### Data for review:
+===+
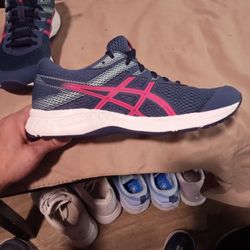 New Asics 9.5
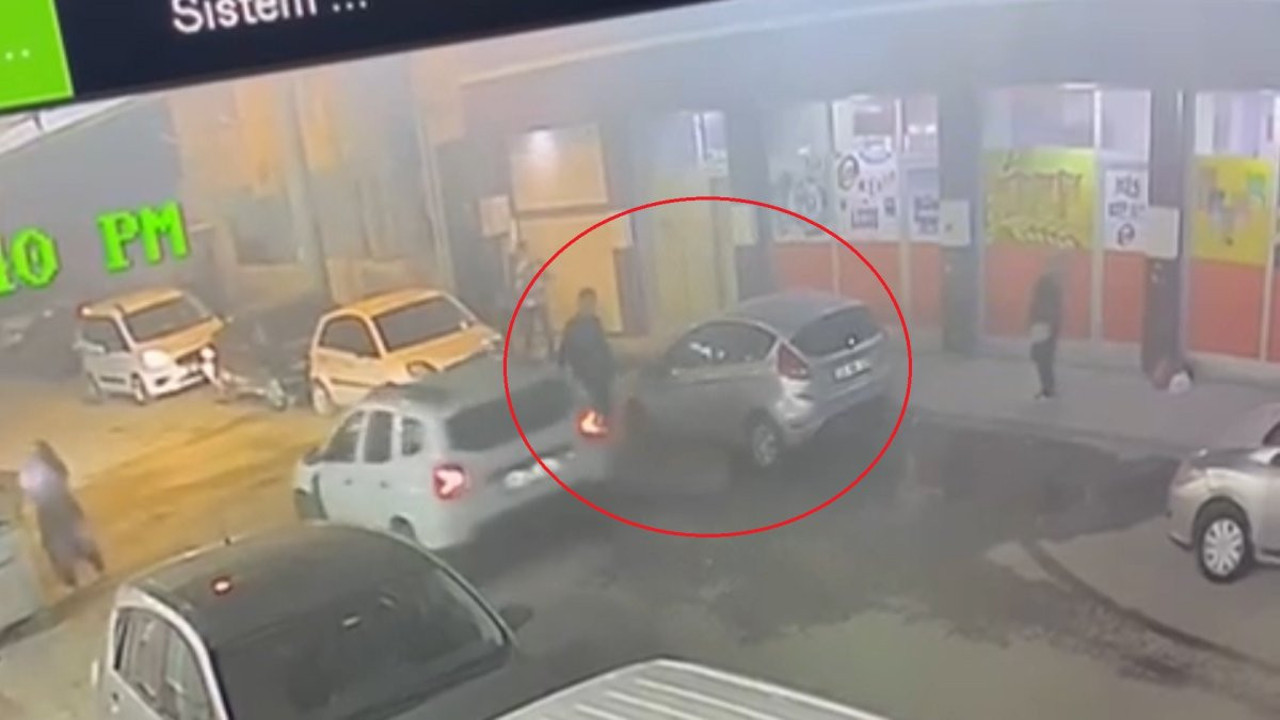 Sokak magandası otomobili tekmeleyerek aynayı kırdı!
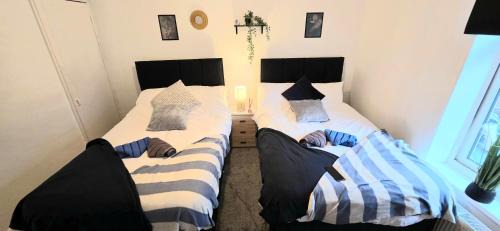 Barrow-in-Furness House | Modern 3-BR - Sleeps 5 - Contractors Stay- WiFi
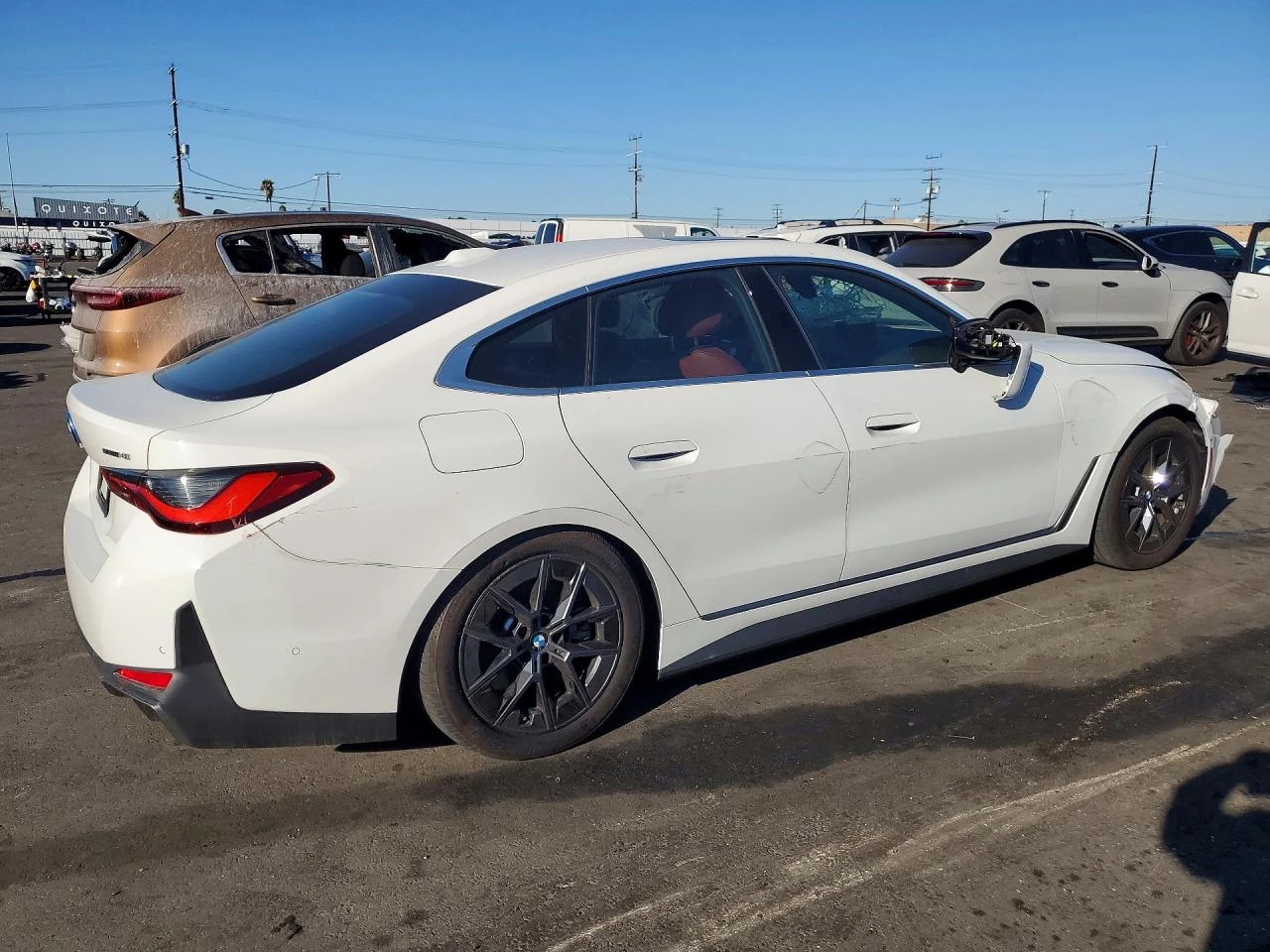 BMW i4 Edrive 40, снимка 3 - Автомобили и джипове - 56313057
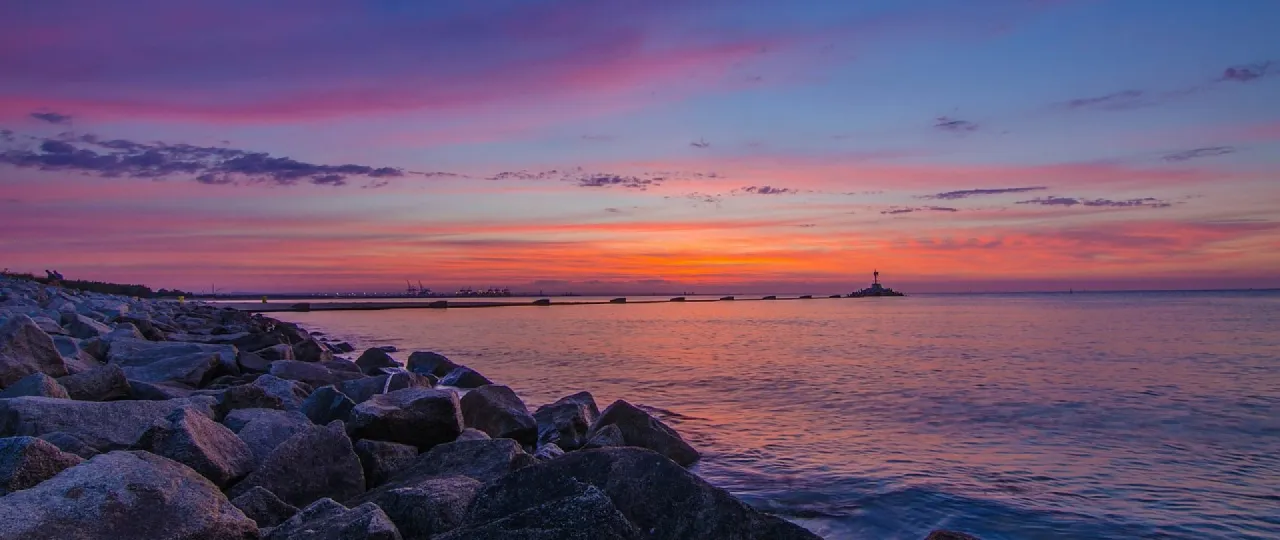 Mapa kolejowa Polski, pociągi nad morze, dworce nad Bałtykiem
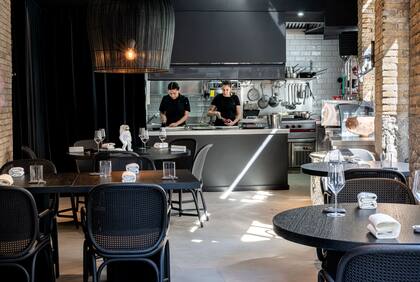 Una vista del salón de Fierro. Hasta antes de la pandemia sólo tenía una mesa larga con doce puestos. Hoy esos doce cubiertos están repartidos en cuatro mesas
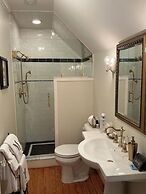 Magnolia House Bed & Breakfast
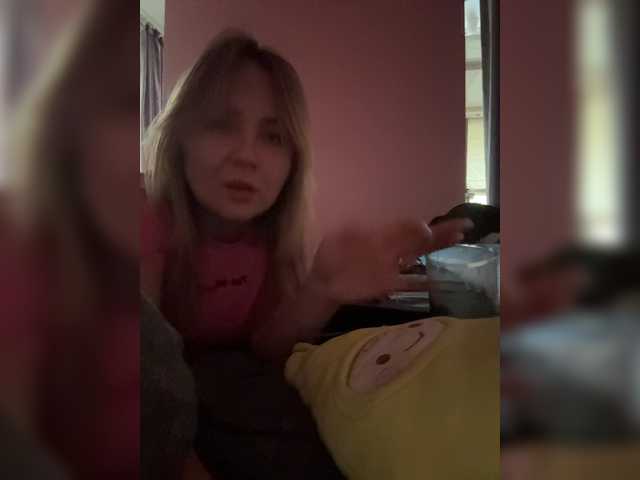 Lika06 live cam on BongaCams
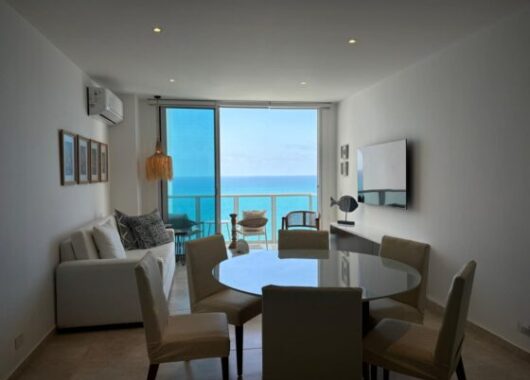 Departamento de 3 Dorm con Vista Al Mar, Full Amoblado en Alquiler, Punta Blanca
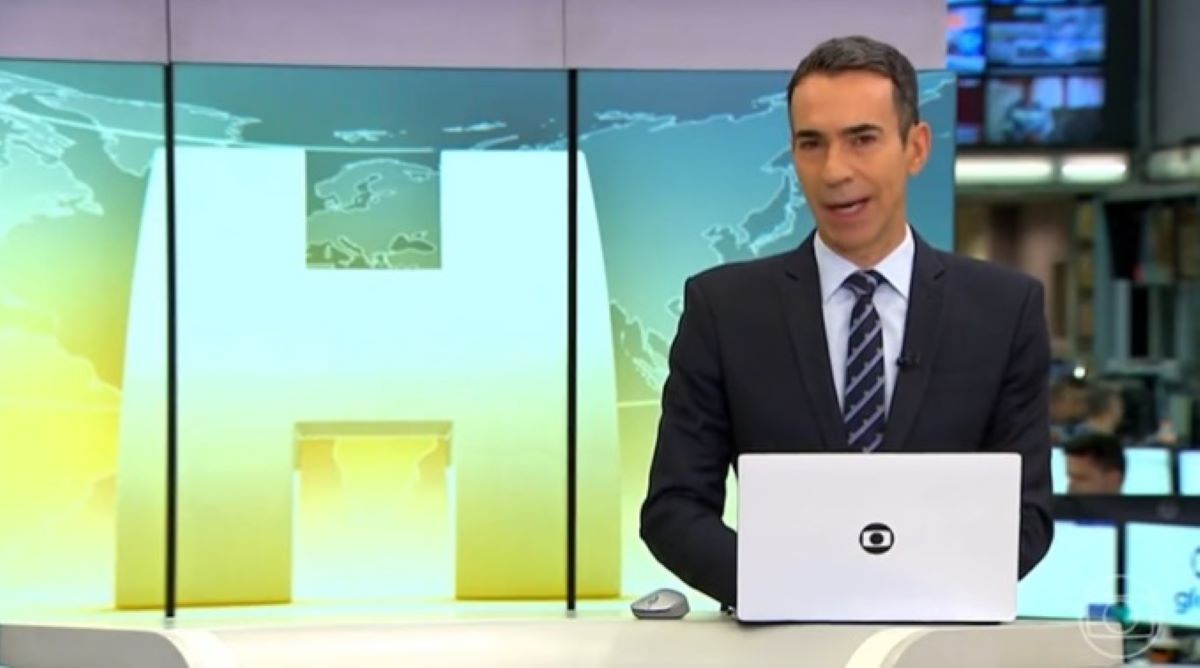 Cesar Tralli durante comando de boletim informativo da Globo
+===+
Omit the pictures and write out the lines above from the one with "BMW i4 Edrive" through the last, unchanged.

### Task output:
 BMW i4 Edrive 40, снимка 3 - Автомобили и джипове - 56313057
 Mapa kolejowa Polski, pociągi nad morze, dworce nad Bałtykiem
 Una vista del salón de Fierro. Hasta antes de la pandemia sólo tenía una mesa larga con doce puestos. Hoy esos doce cubiertos están repartidos en cuatro mesas
 Magnolia House Bed & Breakfast
 Lika06 live cam on BongaCams
 Departamento de 3 Dorm con Vista Al Mar, Full Amoblado en Alquiler, Punta Blanca
 Cesar Tralli durante comando de boletim informativo da Globo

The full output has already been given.